Lucky 7
- Syracuse, New York; United States;
- Channels: Analog: 7 (VHF);
- Branding: Lucky 7

History
- First air date: April 14, 1978
- Last air date: April 16, 1978

= Lucky 7 (pirate TV station) =

Pirate television station in Syracuse, New York

Lucky 7 was a pirate television station, believed to be one of the first ever to operate in the United States, that aired for three nights in the spring of 1978 in Syracuse, New York.

==Operation==
Lucky 7 (operated by the "Renegade Broadcasting Company") aired for a total of 25 hours during the evenings of April 14–16, 1978 on VHF channel 7, an otherwise-unoccupied frequency in the Syracuse area.

Programs aired by Lucky 7 included episodes of such TV series as Star Trek and The Twilight Zone, as well as several films unavailable on broadcast television at the time. These included films such as One Flew Over the Cuckoo's Nest (1975), Rocky (1976), and Annie Hall (1977), plus pornographic fare such as Deep Throat (1972) and The Devil in Miss Jones (1973).

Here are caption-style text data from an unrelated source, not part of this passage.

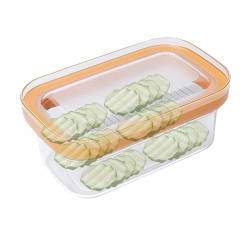 Butterschneider | Käse-Butter-Schneider-Box | Wiederverwendbare Butterdose mit Silikondeckel, gekühlter Butterbehälter für die Aufbewahrung von Käse und Butter Jpsdows von JPSDOWS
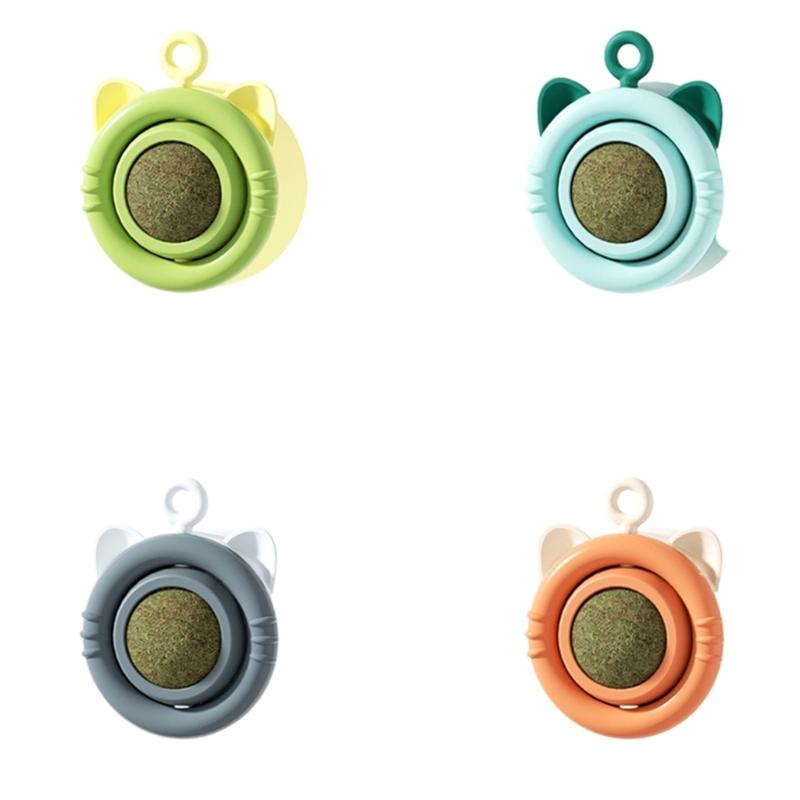 Rotating Cats Toy With Natural Catnips Ball Bites Resistant Interactively Cats Squeak Catnips Toy For Fun And Relaxation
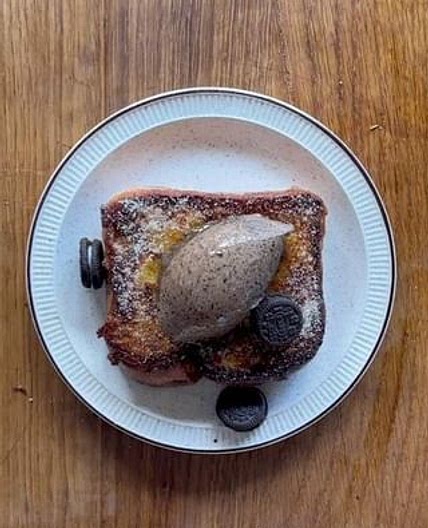 Oreo and coffee butter  French Toast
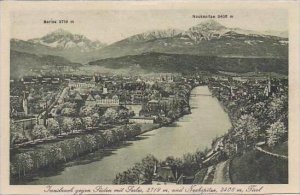 Austria Innsbruck gegen Sueden mit Serles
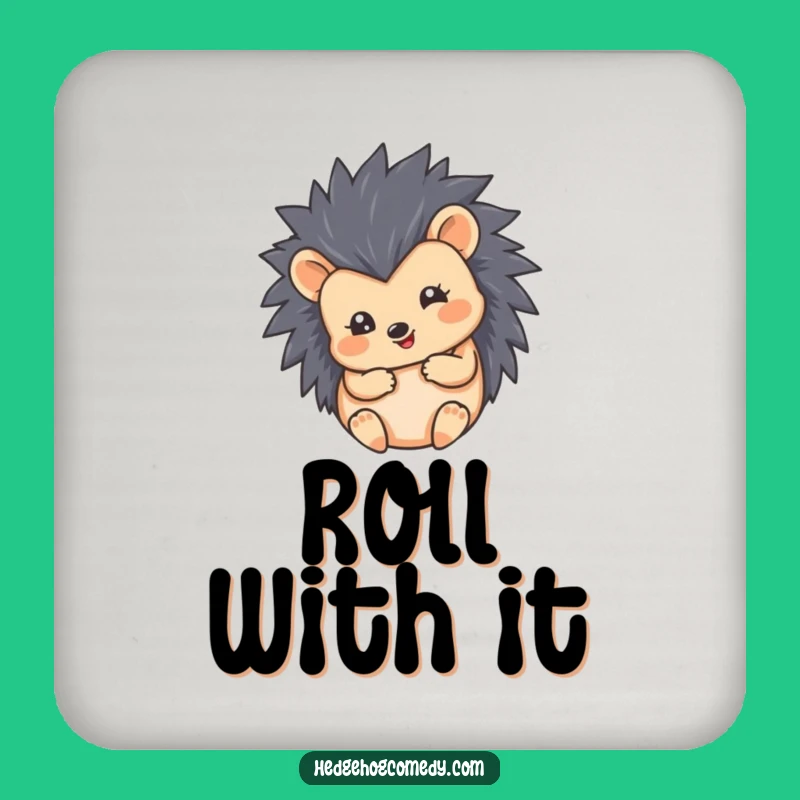 Funny Hedgehog Ball Coaster: Cute Round Hedgehog - Protects Surfaces Gift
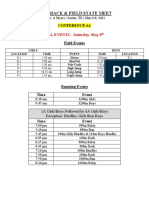 2021 State Track and Field Schedule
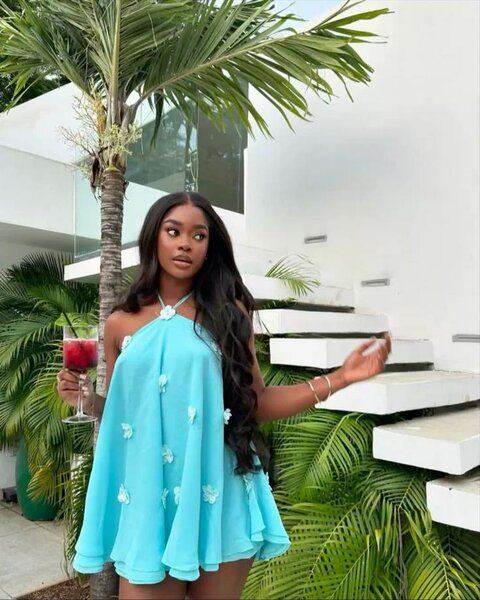 Robe Trapèze Détente Été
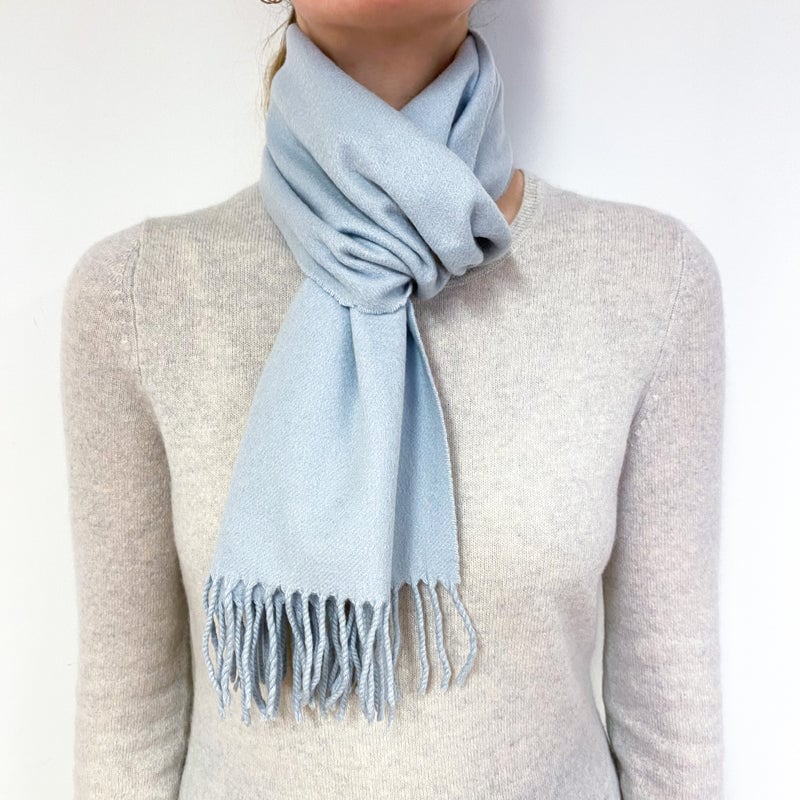 Image name baby blue cashmere scarf the 1 image from the post Yorkshire-based gifts for Mother's Day in Yorkshire.com.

According to reports by the Associated Press and The New York Times, a man with a gas mask and a noose around his neck was seen onscreen occasionally, editorializing and claiming that half the TVs in the Syracuse area were able to see the broadcasts. Station identification featured a pair of dice rolled to seven, backed by female singers (reportedly from Syracuse University's Crouse Music School).

==Aftermath==
At the time of broadcast, a Federal Communications Commission engineer theorized that the broadcasters tapped into Home Box Office and other networks to acquire programming, and that the transmissions probably originated from the area surrounding Syracuse University because Lucky 7 came in strongest near the campus. Subsequent speculation is that Lucky 7 was the brainchild of students from the Newhouse School of Communications with the assistance of nearby SUNY Morrisville journalism program students, who used equipment normally available for closed circuit broadcasts on channel 7 on the University's cable system, and transmitted the over-air signal using a standard VHF reception antenna.

A contemporary article in The Daily Orange, the Syracuse University student newspaper, reported that Lucky 7 accomplished the broadcasts by "attaching an RF modulator to a videotape recorder and intensifying the [...] signal with an old guitar amplifier". The report also noted that the transmissions "reportedly came from the Thornden Park area", and that "anywhere from two to 25 people were involved in the project". The article quoted one of the programmers as saying they were going "way underground", adding "It started as an experiment. It backfired enormously [...] We got nervous when we saw it was making a big splash."